Parliament will hold a series of votes for the presidency starting on Monday. Gul is expected to win in the third round on August 28 when he needs a simple majority in the 550-member parliament, where his ruling AK Party has 341 seats.
Gul is a respected statesman who as foreign minister helped secure the launch of Turkey’s European Union entry talks, but the secular elite, including powerful army generals, dislike his Islamist past and the fact his wife wears the Muslim headscarf.
“The constitution will be our guide,” Gul said in televised remarks after talks with the labour union Turk-Is, echoing pledges he made on Tuesday to respect secularism if elected.
But his candidacy poses a challenge to the powerful military, which helped derail his first bid to become head of state in April with a statement warning of pervasive Islamisation and signalling its opposition to Gul.
That move forced Prime Minister Tayyip Erdogan to call early parliamentary elections which his AK Party decisively won. The army has not commented on Gul’s decision to run again. Gul told reporters on Tuesday he expected all institutions, including by implication the army, to respect the constitution.
Markets weaken
Turkish financial markets weakened on Wednesday on global factors and on uncertainty over the secular elite's reaction. The lira currency fell to its weakest level in two months against the dollar and stocks also tumbled.

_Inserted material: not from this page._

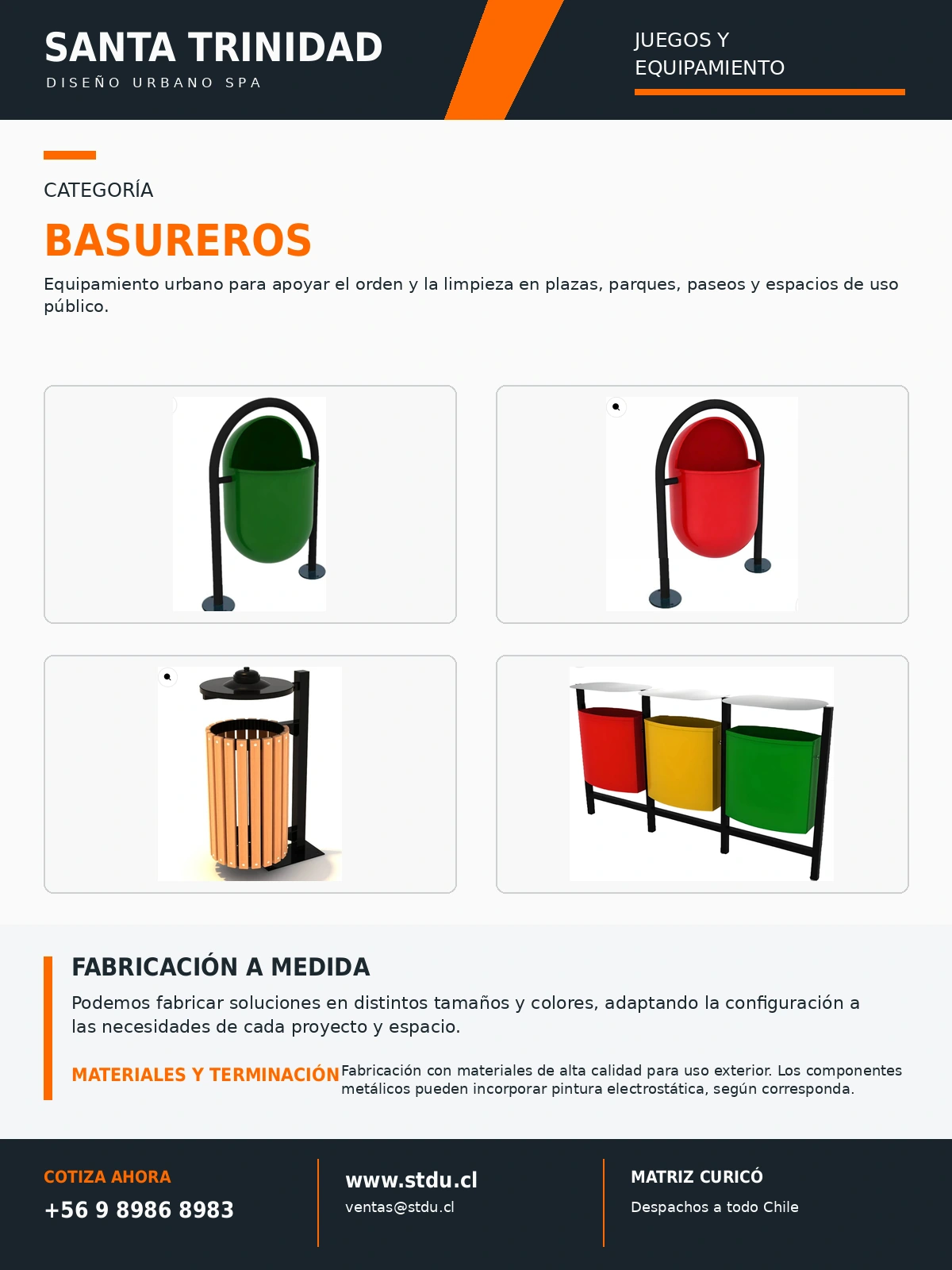 Basureros para plazas y parques STDU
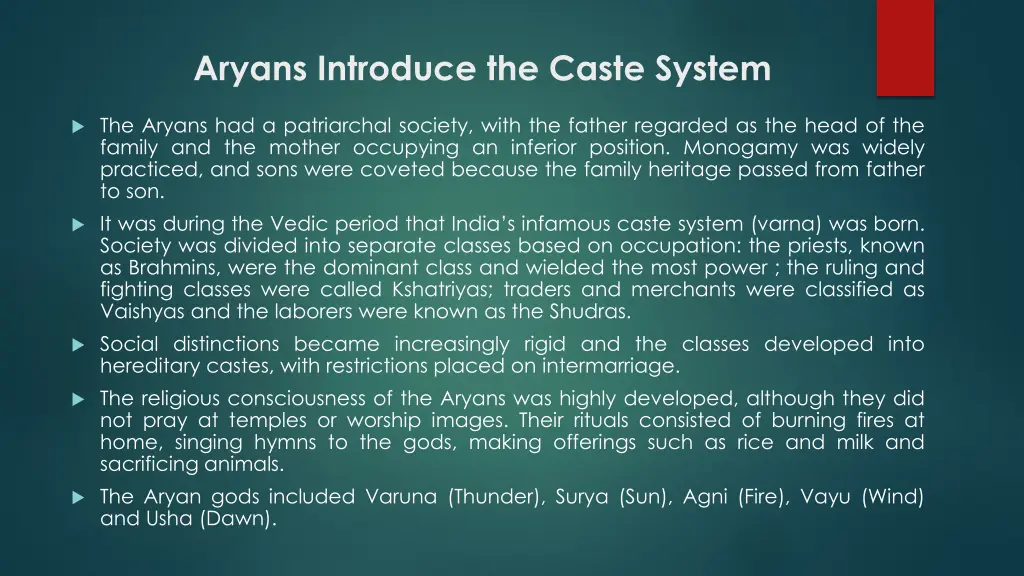 aryans introduce the caste system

“Tension in the capital,” said the anti-government daily Cumhuriyet on Wednesday, noting the secularist opposition Republican People’s Party decision to snub Gul and to boycott state receptions if he is elected.
The liberal Radikal newspaper said the crux of the problem was Gul's wife's headscarf. Secularists fear the AK Party wants to lift a ban on the garment in public offices and universities, a move they fear would undermine secularism.

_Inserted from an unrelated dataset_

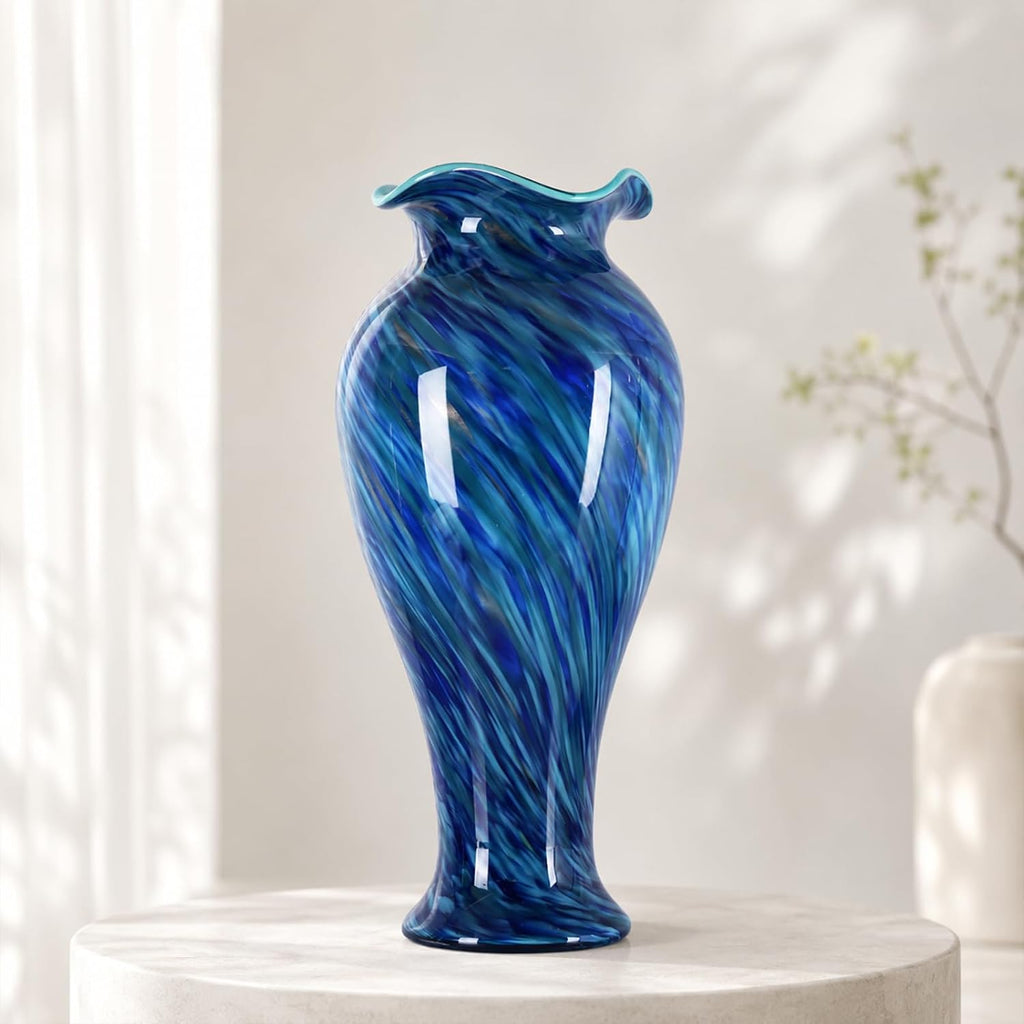 20" Tall Hand Blown Glass Vase - Pretty Ruffle Wide Mouth Decorative Flower Vase, for Modern Home Decor, Ideal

A columnist at Vatan newspaper, Rusen Cakir, said Gul's presidency would trigger tensions over the next year or two but added he did not expect a deep crisis.

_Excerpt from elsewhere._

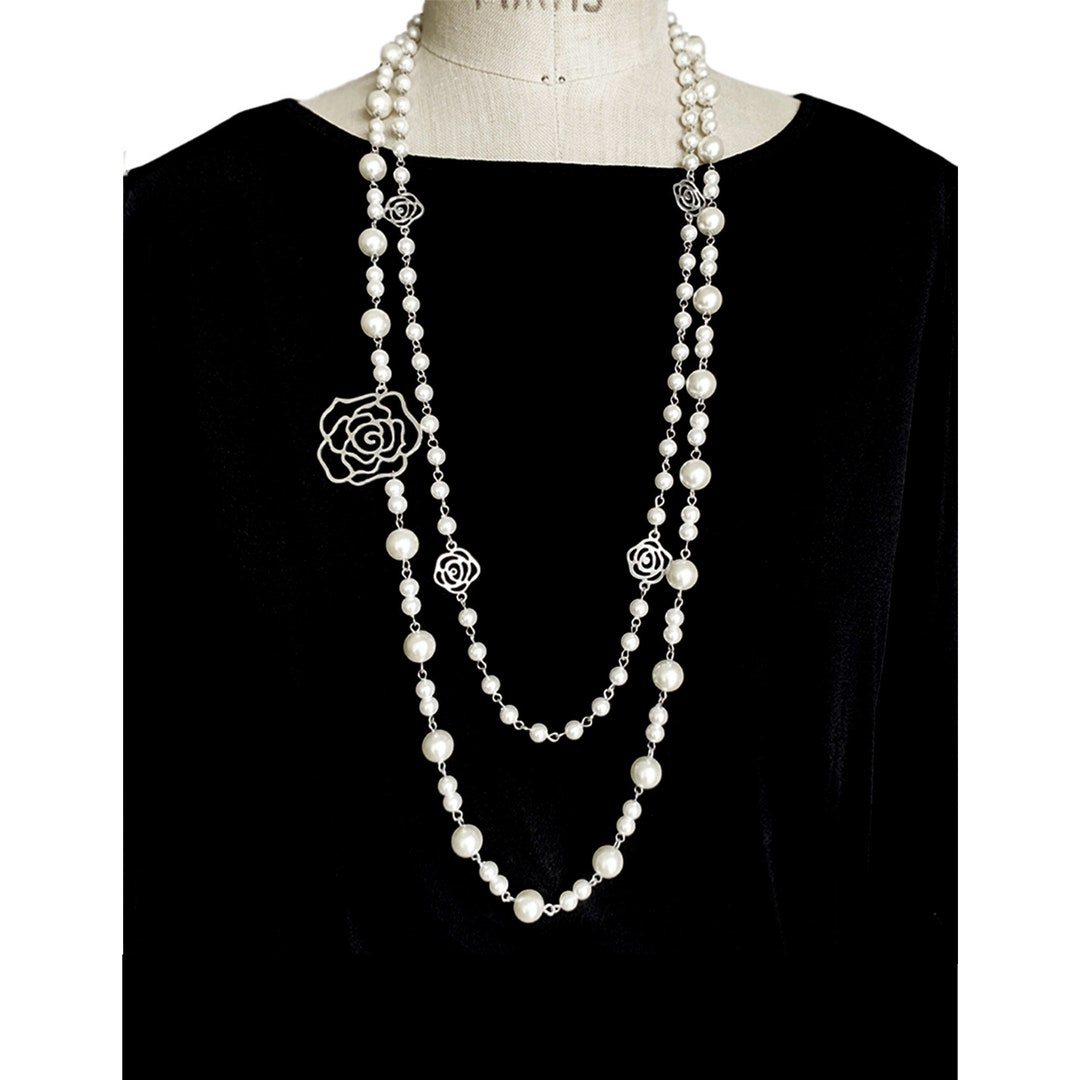 Layered Pearl Silver Chain Necklace Multilayered With Big Silver — free download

Just 10 years ago, the military, with strong public backing, ousted a government in which Gul served because it was seen as too Islamist. This time, the situation is very different.
Erdogan’s government is popular, having won 47 percent of the vote in July's elections, and the economy is strong. The army will closely watch both Gul and the government and would intervene if it felt secularism was in danger.
“We have to wait and see whether the 47 percent support for the AK Party in the election will help postpone a coup,” wrote Ismet Berkan, editor-in-chief of Radikal.